445__Corruptio optimi pessima (29.09.2013)

Il pensiero della settimana n. 445

 

     Un detto caro a Lutero e, in epoca a noi più prossima, a Ivan Illich afferma che dall’ottimo deriva il pessimo. In questo caso i capovolgimenti sono traumatici. La corruzione dell’ottimo è peggiore dello sviamento del bene.

     Tra le realtà eccelse della fede nel Dio unico propria di ebrei, cristiani e musulmani è la certa promessa di una vita personale dopo questa vita. Dio e Dio solo è in grado di restituire la vita ai morti; quindi solo lui sa quale sarà la loro vita. Immaginarla è una forma di sottile idolatria, credervi sta invece al cuore della fede.

     Questo ottimo si capovolge in pessimo quando la credenza nell’aldilà è chiamata in causa per disprezzare in se stessi o negli altri l’esistenza terrena. In secoli ormai lontani ciò ha portato a esasperazioni ascetiche non estranee a componenti che oggi sarebbero giudicate di natura sado-masochista. Ancora più grave di ciò è stato però l’utilizzo della dimensione ultraterrena per giustificare ideologicamente l’esercizio del potere sulle coscienze e quindi, di riflesso, anche sulla società. La minaccia dell’inferno ha funzionato, oltre che come deterrente contro i vizi personali, anche come modalità di dominio. Una delle ragioni addotte da Thomas Hobbes per giustificare la subordinazione dell’organizzazione ecclesiastica allo Stato è che quest’ultimo può solo comminare pene in questa vita (compresa quella di morte), mentre la Chiesa può minacciare la morte eterna. Finché si crede nell’inferno è fuor di dubbio che, nel caso di conflitto fra due i poteri, a prevalere sia quello spirituale.
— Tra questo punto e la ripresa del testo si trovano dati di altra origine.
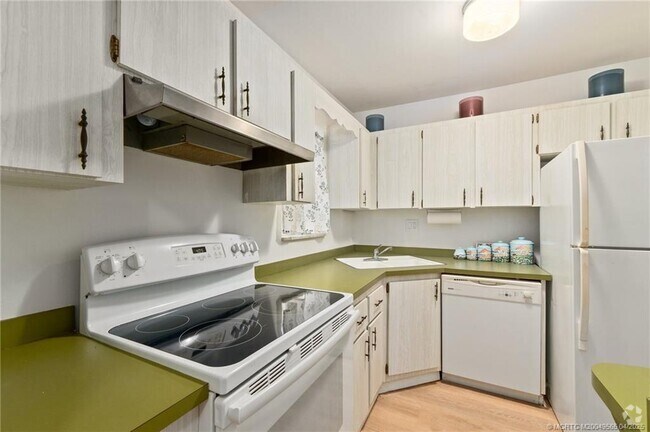 Building Photo - 1931 SW Palm City Rd Unit 16D Rental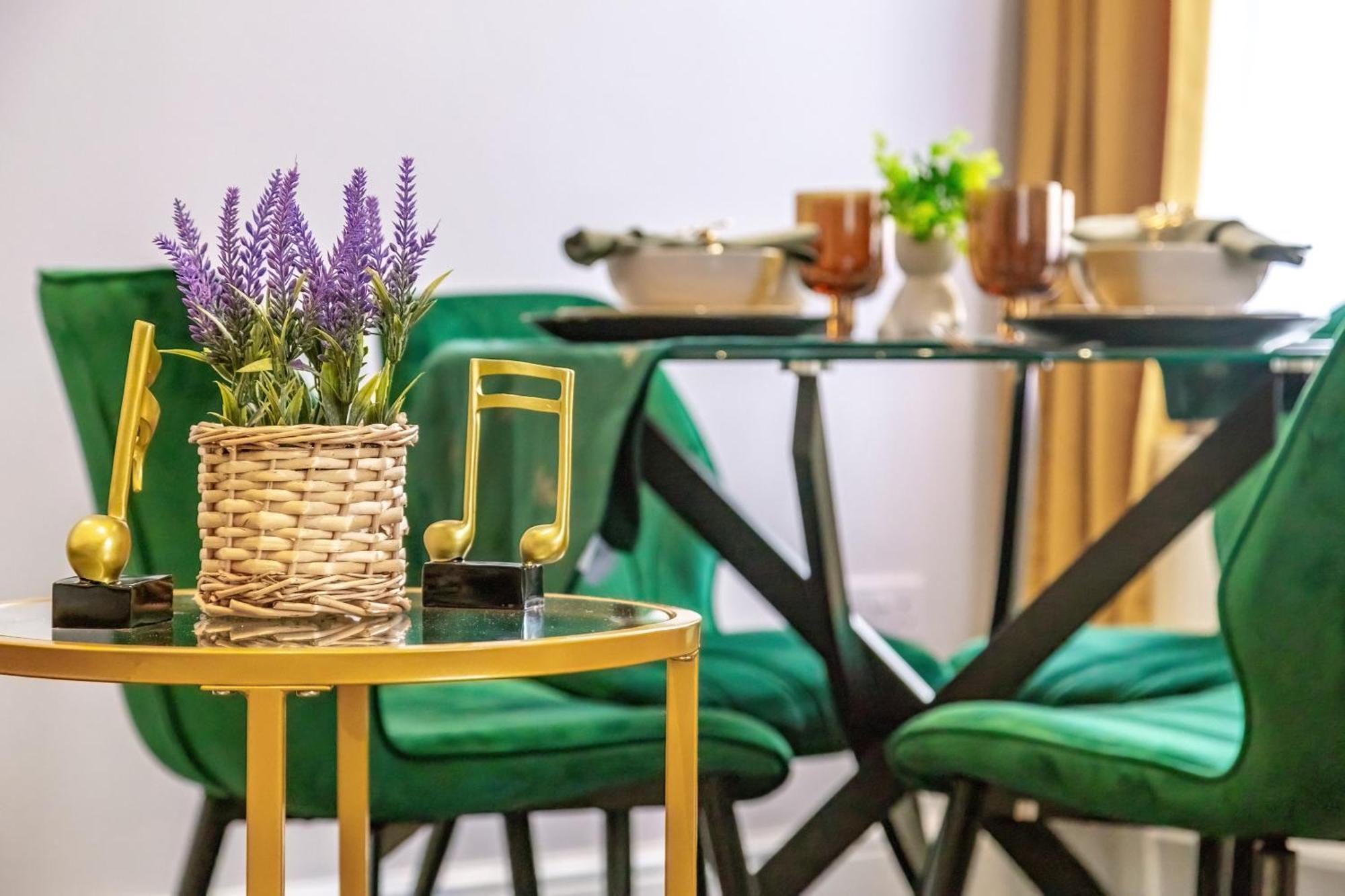 Elegant 2Br London Hideaway- King Bed, Sleeps 6 - Parking- Instant Book- 20 Percent Off Limited Time! Barnet Esterno foto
      Il nodo tra credenza nell’aldilà e violenza nell’aldiquà meriterebbe di essere scandagliato a fondo. Nei nostri anni esso ha conosciuto una variante estrema nell’attentato suicida di matrice islamista. Fenomeno messo in grande rilievo e oggetto di innumerevoli pubblicazioni fino a quando colpiva in modo diretto l’Occidente (di cui lo Stato d’Israele fa integralmente parte), ma sempre meno valutato da quando avviene in massima parte entro il mondo musulmano. Gli studiosi si sono stancati prima degli attentatori, mentre i politici si sono limitati a essere soddisfatti della dislocazione interna degli attentati.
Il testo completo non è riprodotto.